Drawing on foundational works by feminist care ethicists Joan Tronto, Virginia Held, and Nel Noddings, we understand care both as a practice and a political framework. Silvia Federici's powerful analysis of reproductive labour tells us how the essential work of feeding and nurturing has been systematically devalued, yet remains fundamental to sustaining both everyday life and social movements. We recognise food preparation and sharing as deeply political acts—each meal a testament to the often invisible yet vital labour that upholds our communities and fuels our resistance. James Thompson's work on care aesthetics helps us engage with the aesthetic dimensions of such sharing practices and unpack their potential in building caring communities and sustaining activist movements. This aesthetic lens helps us see how sensory and emotional experiences around food create spaces for political imagination and collective action.

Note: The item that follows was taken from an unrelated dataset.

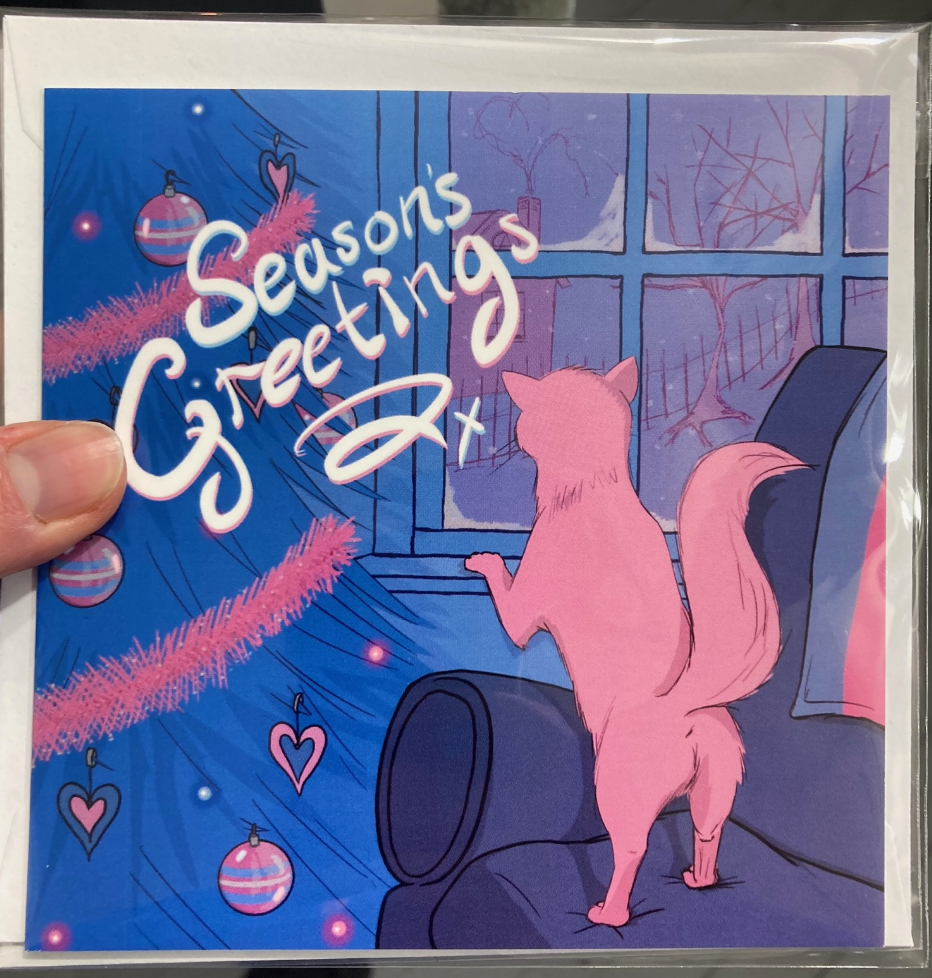 Card- Trans Pride Xmas- seasons greetings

We acknowledge, however, that whilst these Western theoretical frameworks are valuable, they only tell part of the story. We seek to engage with Indigenous, Global South, and other minoritised perspectives on care that have long understood the deep connections between food, community, and collective wellbeing. We aim to build on these and expand this understanding by learning from diverse cultural traditions where food preparation and sharing have always been understood as artistic, spiritual, or political practices.

Bite Back is a hybrid forum, to be held on 27 May 2025, looking at the relationships between food, care and activism. We invite participation from activists, scholars, organisers, food justice advocates, community cooks and care workers, food sovereignty activists, mutual aid organisers, artists, and anyone passionate about the intersection of food, care, and activism. Together, we will reflect on our own experiences of the central role of food in activist spaces, and explore how this dialogue and collaboration could take us from plate to action.


Format for contributions: 

We are seeking contributions of written or creative work exploring the intersections of food, activism, and care, from all parts of the world and various contexts, as we work to develop a more decolonial approach to engaging with existing scholarship on care. 

Contributions can include:

  • Case studies from Global South movements and communities

  • Interdisciplinary investigations on the role of food in community organising

  • Benefits and barriers of care in food-sharing initiatives 

  • Gender, food and care in activist communities

  • Indigenous perspectives on food sovereignty and collective care

  • Political and material implications of food (in)justice

  • Stories of mutual aid and community care networks

  • Reflections on traditional food practices as resistance

  • Critiques of dominant care theories from marginalised perspectives

  • Practical examples of food-centered activist organising

  • Documentation of local food justice initiatives

  • Personal narratives of food, care, and community building

We invite diverse forms of sharing knowledge:

  • Written submissions

  • Oral histories and testimonies

  • Visual documentation

  • Performance documentation

  • Community organising toolkits

  • Digital stories

  • Collaborative projects

Timeline:

Please submit an abstract (for papers), description or pitch (for other forms of contribution) between 500-1000 words by April 11th, 2025 to food.activism.care@gmail.com

If you are submitting work in another format (e.g., video, photo essay, performance piece), please ensure the file size is under 20MB or sent via a shared link. 

We will be in touch by April 25th with follow-up details about the forum and further instructions for participation. The forum will be held on May 27 2025, with an exact time to be confirmed with participants in April. Please get in touch if you have any questions or concerns.

To note: there are no costs to register or attend this forum.

Who we are

Alisha, Réka, and Elise are three women straddling the realms of academia, activism, and community organising. As members of The Care Lab, we each utilise concepts of care ethics (Federici 2012; Gilligan 1982, 2014; Hamington 2015, 2021; Held 1993, 2006; Noddings 1984; Sevenhuijsen 1998; Tronto 1993, 2013) and care aesthetics (Thompson 2022) to think about social movements, community organising, and socially-engaged arts. We are all currently based at the University of Manchester, though we come from other countries, and share a strong interest in disrupting UK-centric (and Western-focused) scholarship on topics of care and food justice.